Columna publicada el martes 7 de julio de 2020 por El Líbero.

Muchas veces, tratando de entender los problemas, terminamos por simplificarlos hasta volverlos irreconocibles. Sucede en muchos debates, en los que pensamos que hay respuestas fáciles, que reordenarán las cosas de manera tal que desaparecerá el nudo. Las redes sociales profundizan esta lógica, pues en ellas pareciera a veces que todos somos expertos y disparamos rápido las recetas ganadoras. La reforma a Carabineros ha sido el objeto de esas simplificaciones, sobre todo de octubre a la fecha, lo que es grave considerando la profundidad de los problemas y las múltiples labores que realiza la institución. Esta insuficiencia se manifiesta tanto en las aproximaciones de cierta derecha que no reconoce que haya una crisis en Carabineros (o que no haya habido nada problemático en el control de las manifestaciones en octubre), y de cierta izquierda que se debate entre el deseo de eliminar la intervención de los uniformados en la vida social y el de refundar la institución por completo, en una especie de optimismo ingenuo.

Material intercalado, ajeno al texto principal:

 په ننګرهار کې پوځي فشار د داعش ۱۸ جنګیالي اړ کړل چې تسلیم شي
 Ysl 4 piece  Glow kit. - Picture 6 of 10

Ambas posturas tienden a reducir todo el asunto a una cuestión de voluntad o mera decisión. O el gobierno es pusilánime y debe “ponerse los pantalones”, o son un hato de malvados que permite que se siga “castigando al pueblo” y “criminalizando la protesta”. En ambos casos, bastaría con reunir voluntad política suficiente para obtener resultados inmediatos.

Esta última actitud ha tenido bastante figuración en las discusión, traducida en la propuesta de refundar Carabineros. Sin embargo, esta aproximación tiene serias limitaciones. La lógica refundacional hace difícil articular el bagaje anterior de la policía, y descarta a priori las facetas positivas de la misma: la única solución posible sería partir desde cero. Pero la idea de que es posible resetear algún aspecto de la vida social alimenta ilusiones vanas, pues el asunto es justo al revés: solo abordando lo que la institución es se vuelve posible reorientarla hacia nuevas funciones o mejorar la forma en que lleva a cabo las ya existentes. Por lo demás, no se hace cargo de la operación en el tiempo que media entre la decisión de refundar y su entrada en vigor, ni de las eventuales dificultades políticas que conllevaría tener una institución de esta índole operando con sus días contados.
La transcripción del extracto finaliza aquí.